◆ INPUT MATERIAL ◆
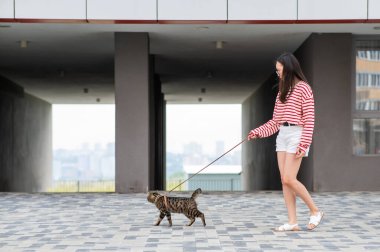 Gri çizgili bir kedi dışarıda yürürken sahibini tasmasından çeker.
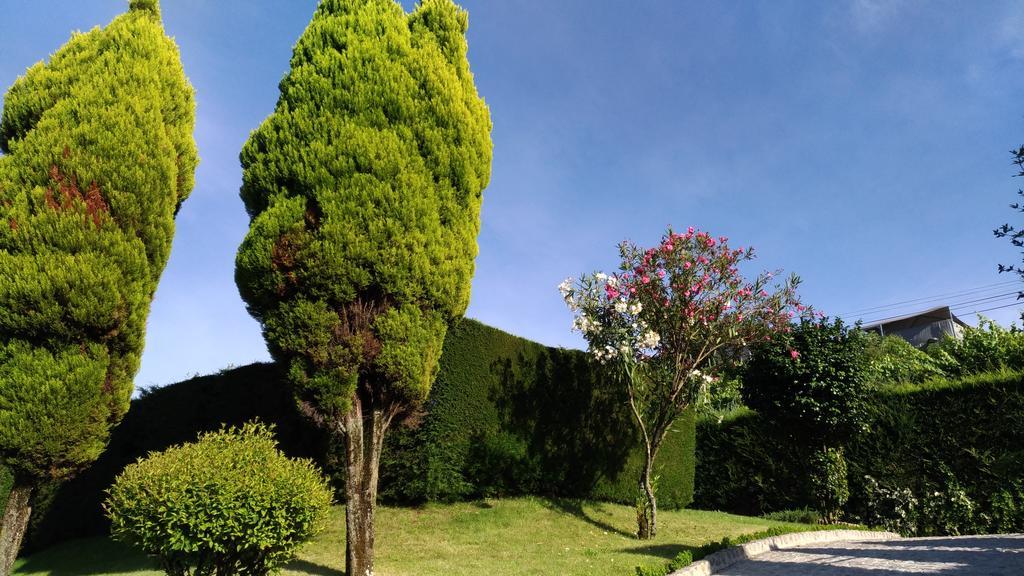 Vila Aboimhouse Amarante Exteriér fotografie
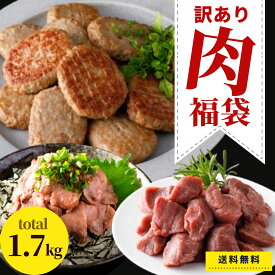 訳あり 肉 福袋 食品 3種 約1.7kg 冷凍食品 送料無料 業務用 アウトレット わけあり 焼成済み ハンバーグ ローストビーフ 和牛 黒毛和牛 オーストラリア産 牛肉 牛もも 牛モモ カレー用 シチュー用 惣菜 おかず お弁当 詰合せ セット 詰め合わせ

---

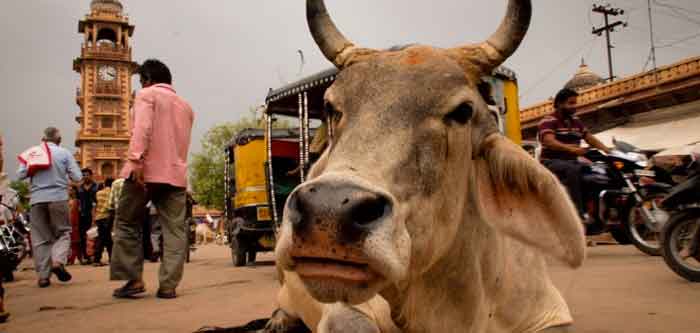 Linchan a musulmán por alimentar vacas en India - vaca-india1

--

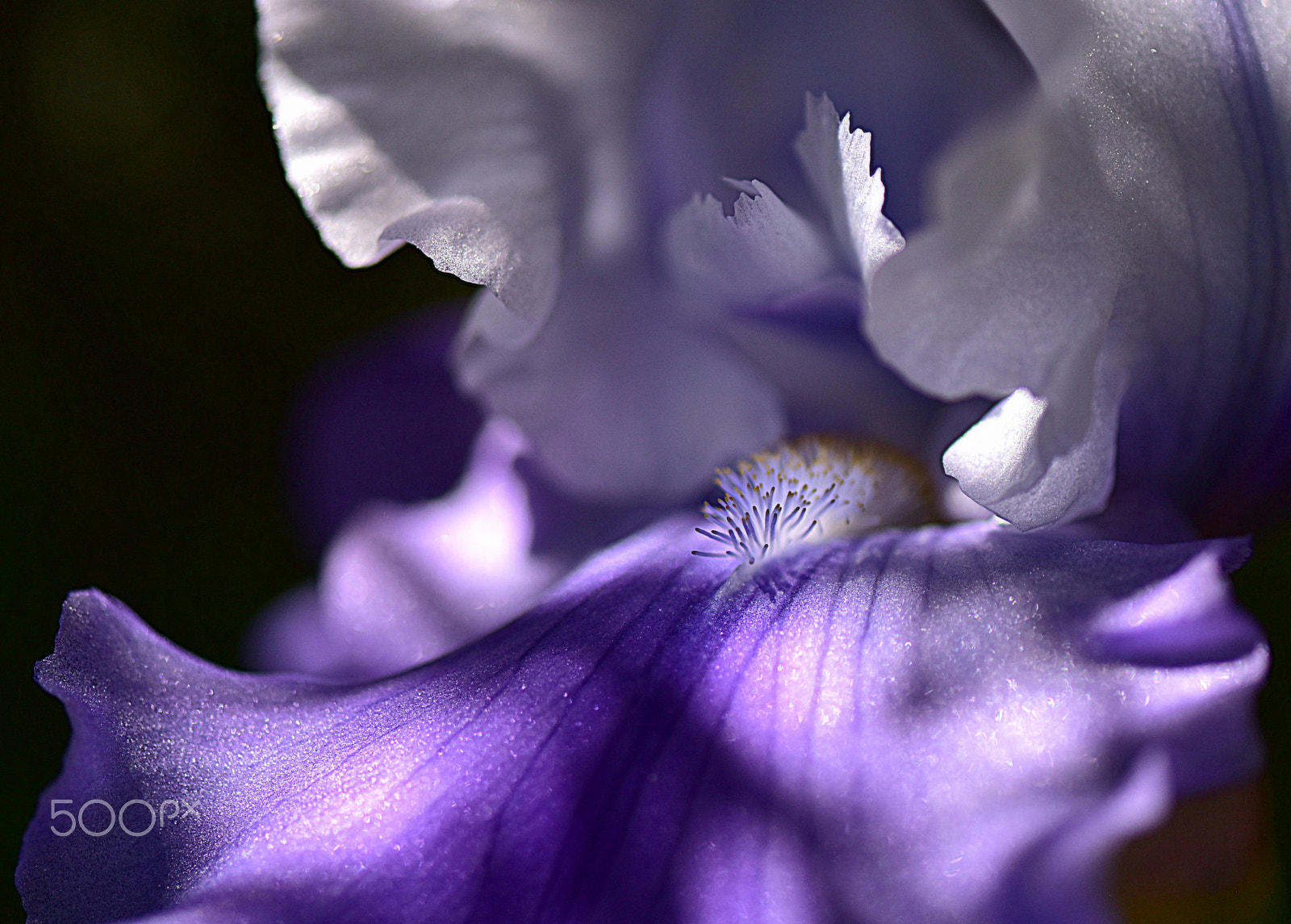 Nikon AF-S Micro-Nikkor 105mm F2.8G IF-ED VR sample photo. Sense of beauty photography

◆ EXERCISE AIM ◆
Beginning with the line holding "Vila Aboimhouse Amarante Exteriér fotografie" in the material above, restate word for word each line through the line holding "訳あり 肉 福袋 食品", and exclude pictures.

◆ EXERCISE RESULT ◆
 Vila Aboimhouse Amarante Exteriér fotografie
 訳あり 肉 福袋 食品 3種 約1.7kg 冷凍食品 送料無料 業務用 アウトレット わけあり 焼成済み ハンバーグ ローストビーフ 和牛 黒毛和牛 オーストラリア産 牛肉 牛もも 牛モモ カレー用 シチュー用 惣菜 おかず お弁当 詰合せ セット 詰め合わせ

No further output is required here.